# [Problem]
Repeat every line from the line containing "Vitrina refrigerada con" to the end of the data, exactly. Leave the pictures out.

# [Material to process]
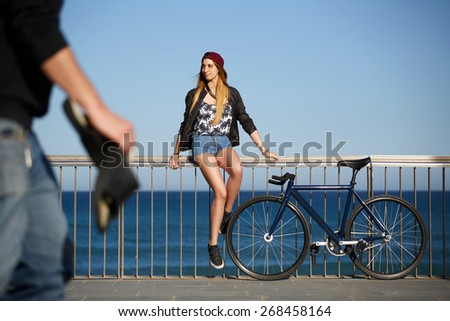 Full length portrait of stylish hipster girl standing with her sport fixed gear bike on the beach, young woman enjoying beautiful afternoon outdoors with blue sea on background, promenade at sunny day
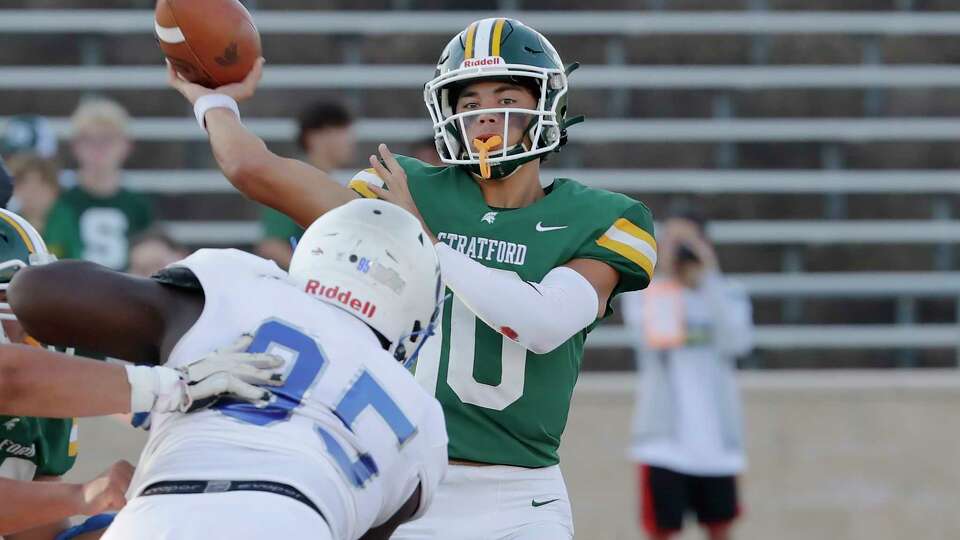 Stratford quarterback Aaron DeLeon, right, passes the ball as Cypress Creek defensive lineman Marion Cook, left, closes in during the first half of their District 17-6A high school football game held at Tully Stadium Saturday, Sept. 30, 2023 in Houston.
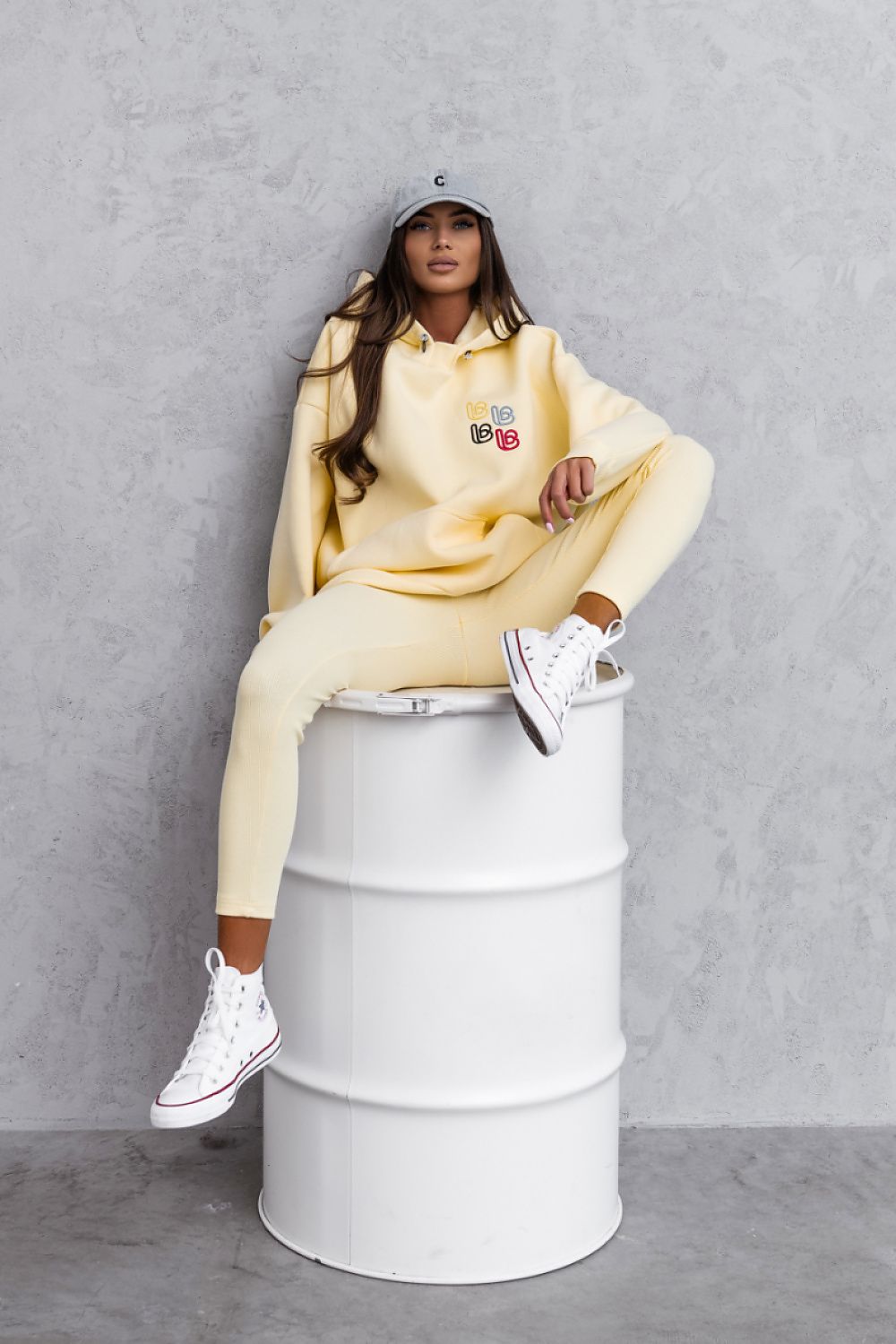Person wearing a yellow tracksuit sitting on a white barrel against a gray wall.
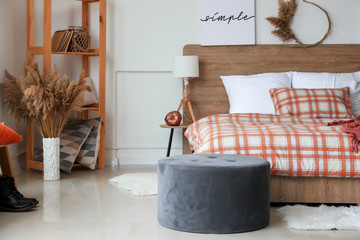 Stylish interior of room with big comfortable bed and autumn decor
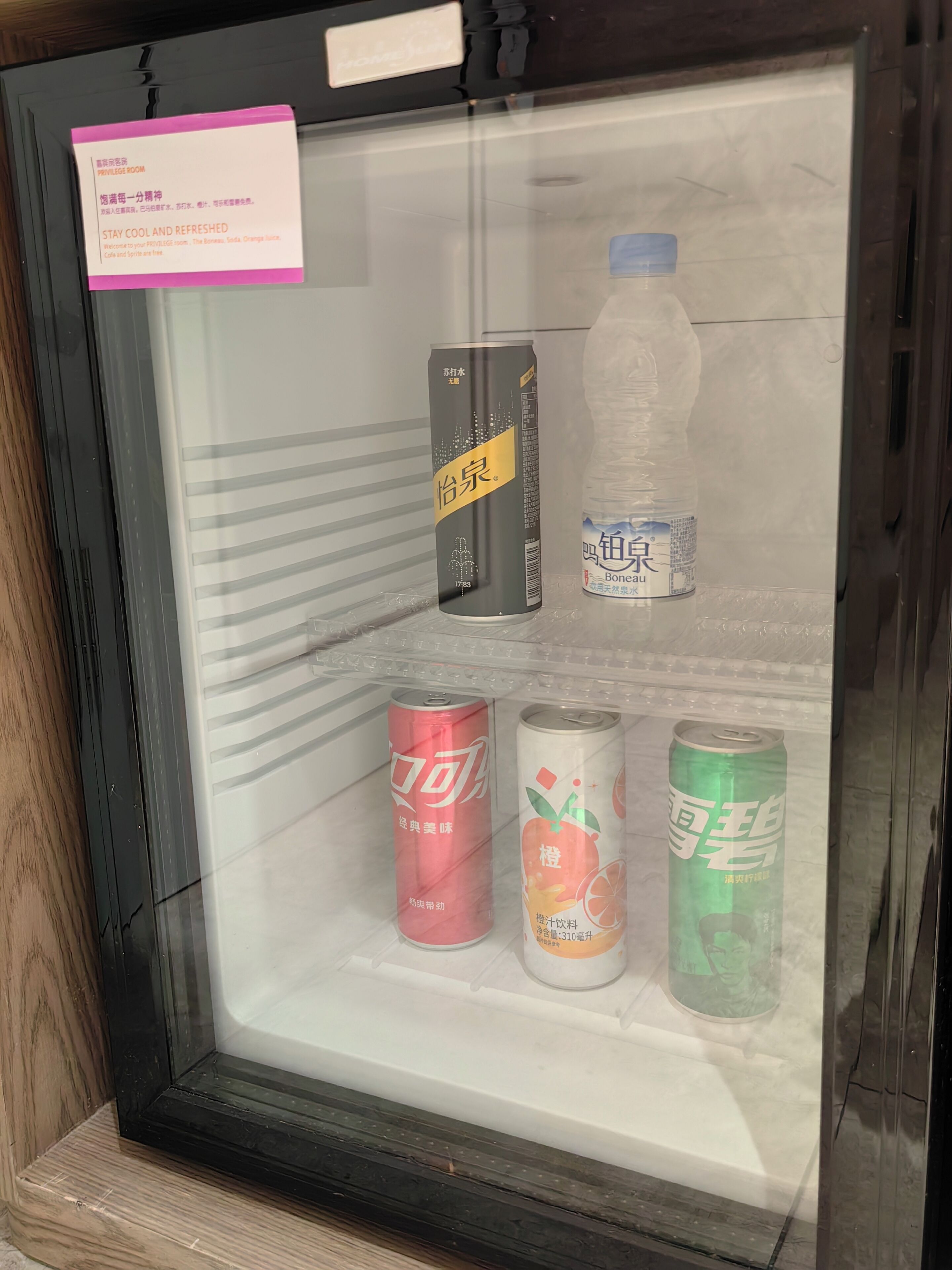 Vitrina refrigerada con bebidas, incluyendo una lata de té helado, una botella de agua y latas de refresco.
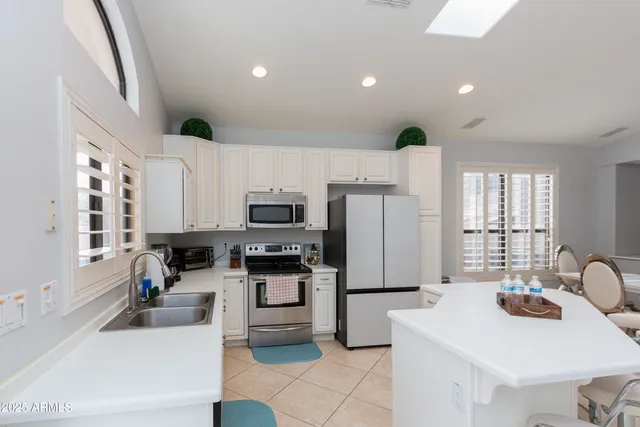 a kitchen with stainless steel appliances a stove a sink a microwave and a refrigerator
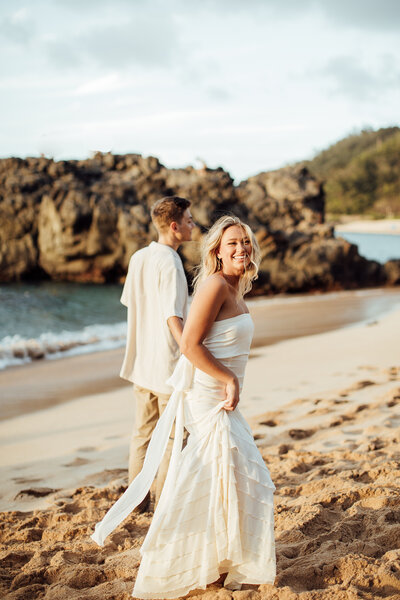 Happy bride on beach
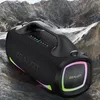 A black portable speaker with colorful LED lights is placed on a rocky, mountainous terrain. Produktbild-Vorschau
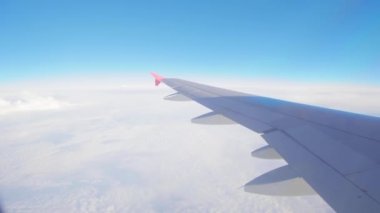 Uçak uçuşu. Bulutların üzerinde uçan bir uçağın kanadı. Uçağın penceresinden bak. Uçak. Hava yoluyla seyahat etmek. 4K UHD video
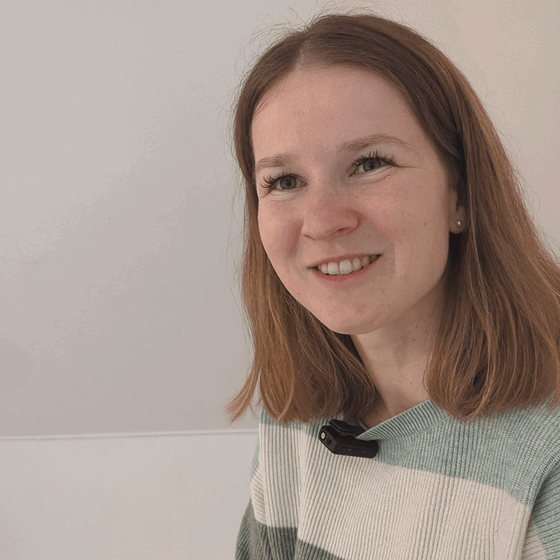 Eine weiblich gelesene Person mit mittellangen, mittelblonden Haaren.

# [Output below]
 Vitrina refrigerada con bebidas, incluyendo una lata de té helado, una botella de agua y latas de refresco.
 a kitchen with stainless steel appliances a stove a sink a microwave and a refrigerator
 Happy bride on beach
 A black portable speaker with colorful LED lights is placed on a rocky, mountainous terrain. Produktbild-Vorschau
 Uçak uçuşu. Bulutların üzerinde uçan bir uçağın kanadı. Uçağın penceresinden bak. Uçak. Hava yoluyla seyahat etmek. 4K UHD video
 Eine weiblich gelesene Person mit mittellangen, mittelblonden Haaren.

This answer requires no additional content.